The study suggests that the shipping industry will find it challenging to secure enough supply of carbon-neutral fuels, and emphasises the need to consider all alternative approaches to reducing emissions and to take action now to secure future success.
Increasing regulatory pressure to decarbonise, including stricter targets set by IMO, means the shipping industry now needs to achieve a 20% reduction in emissions by 2030 and net-zero emissions by or around 2050. To meet the anticipated demand of 17m tonnes of oil equivalent (Mtoe) annually by 2030, the maritime sector needs to access a staggering 30-40% of the projected worldwide carbon- neutral fuel supply. Shipowners must therefore focus beyond fuels, in particular on what can be done now to achieve energy efficiencies and carbon emission reductions.
Knut Ørbeck-Nilssen, CEO DNV Maritime, said: “The 2020s mark the decisive decade for shipping. Securing greener fuel supply is critical. However, focusing on fuels alone can distract us from making an impact this decade and ambitious future declarations are not good enough. What we need is tangible actions that will reduce emissions. Energy efficiency measures can deliver decarbonisation results now and towards 2030.”
The Maritime Forecast to 2050 presents an updated look on a range of regulations and drivers for the decarbonisation of shipping, the most important being new IMO regulations, the inclusion of shipping in the European Union’s (EU) Emissions Trading Scheme and incoming well-to-wake requirements. These regulations will increase the operational cost of using carbon fuels, incentivising shipowners to put plans in place today to reduce their carbon output.

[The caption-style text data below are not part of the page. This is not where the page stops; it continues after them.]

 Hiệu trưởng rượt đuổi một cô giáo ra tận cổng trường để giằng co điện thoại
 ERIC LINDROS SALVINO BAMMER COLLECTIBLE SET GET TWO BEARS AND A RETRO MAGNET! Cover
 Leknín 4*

Eirik Ovrum, Principal Consultant DNV Maritime, and lead author of the report, said: “Our latest report outlines several energy efficiency measures that can deliver decarbonisation results now. It emphasises the need for the maritime sector to adopt a holistic approach to ensure a strong evolution of regulations and technologies, as well as long-term security of fuel supply.”

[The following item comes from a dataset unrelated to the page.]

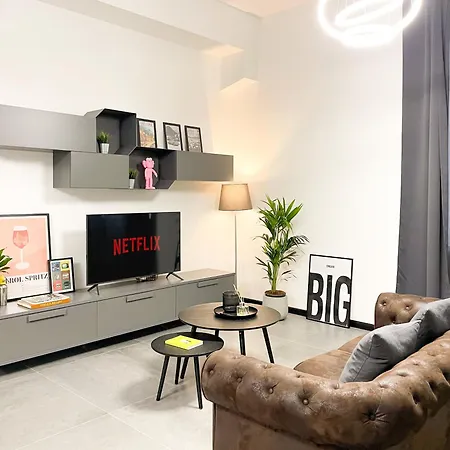 Diaz Novantuno - Luxury Center Apartment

To overcome decarbonisation challenges, the sector can adopt operational energy efficiency measures such as air lubrication systems and wind assisted propulsion. The latter has already been installed on 28 large vessels, delivering fuel savings of between 5%-9% to date. The potential when retrofitted on existing ships can reach 25%.
In addition, technologies such as onboard carbon capture and storage and nuclear propulsion can address the competition for sustainable biomass and renewable electricity. The report presents an economic analysis of both options through detailed case studies that can help stakeholders make informed decision around these technologies.
Other findings include that a fuel technology transition is already underway, with half the ordered tonnage capable of using LNG, LPG or methanol in dual-fuel engines, compared to one third of the tonnage on order last year. For ships in operation, 6.5% of tonnage can now operate on alternative fuels, compared to 5.5% last year. The uptake of methanol and LPG is also starting to show in the statistics together with the first hydrogen-fuelled newbuilds. There are currently several ongoing demonstration projects for ammonia-fuelled ships, and a growing pipeline of ammonia-fuelled ships soon to hit the order book.